Segment Start: PROVIDED RECORDS
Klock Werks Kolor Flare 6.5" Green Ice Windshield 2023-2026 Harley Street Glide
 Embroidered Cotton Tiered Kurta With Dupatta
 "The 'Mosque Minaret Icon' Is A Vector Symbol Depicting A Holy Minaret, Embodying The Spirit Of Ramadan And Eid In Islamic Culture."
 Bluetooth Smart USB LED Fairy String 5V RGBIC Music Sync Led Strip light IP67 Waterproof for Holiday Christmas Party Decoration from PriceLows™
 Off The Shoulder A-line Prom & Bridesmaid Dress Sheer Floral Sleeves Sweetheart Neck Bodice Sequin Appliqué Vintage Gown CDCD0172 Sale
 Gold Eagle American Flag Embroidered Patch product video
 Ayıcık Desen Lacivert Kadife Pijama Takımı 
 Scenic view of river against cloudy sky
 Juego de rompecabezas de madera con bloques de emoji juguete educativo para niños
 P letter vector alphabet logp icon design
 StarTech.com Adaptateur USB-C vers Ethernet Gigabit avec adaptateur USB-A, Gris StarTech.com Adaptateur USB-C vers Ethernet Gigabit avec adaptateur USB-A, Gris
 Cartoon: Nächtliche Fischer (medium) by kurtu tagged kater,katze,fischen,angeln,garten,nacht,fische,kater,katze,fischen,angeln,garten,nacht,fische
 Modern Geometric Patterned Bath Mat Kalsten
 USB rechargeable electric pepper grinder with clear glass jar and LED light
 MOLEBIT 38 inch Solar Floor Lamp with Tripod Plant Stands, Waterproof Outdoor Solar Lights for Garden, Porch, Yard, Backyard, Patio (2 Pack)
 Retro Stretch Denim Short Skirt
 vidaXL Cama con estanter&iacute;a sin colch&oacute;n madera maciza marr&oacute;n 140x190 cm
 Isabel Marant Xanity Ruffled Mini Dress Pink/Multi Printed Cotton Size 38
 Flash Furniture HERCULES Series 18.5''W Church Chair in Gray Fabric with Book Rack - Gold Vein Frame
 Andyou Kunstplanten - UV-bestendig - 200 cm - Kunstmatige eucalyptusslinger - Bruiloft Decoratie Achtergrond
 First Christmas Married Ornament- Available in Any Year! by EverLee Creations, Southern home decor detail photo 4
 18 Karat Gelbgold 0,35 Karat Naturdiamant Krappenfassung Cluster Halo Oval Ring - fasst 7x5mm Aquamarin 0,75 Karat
Segment End: PROVIDED RECORDS
PROBLEM DESCRIPTION - Retype only this portion of the data above: the line containing "Cartoon: Nächtliche Fischer", the line containing "USB rechargeable electric", and all lines between them, exactly.

COMPLETED TASK -
 Cartoon: Nächtliche Fischer (medium) by kurtu tagged kater,katze,fischen,angeln,garten,nacht,fische,kater,katze,fischen,angeln,garten,nacht,fische
 Modern Geometric Patterned Bath Mat Kalsten
 USB rechargeable electric pepper grinder with clear glass jar and LED light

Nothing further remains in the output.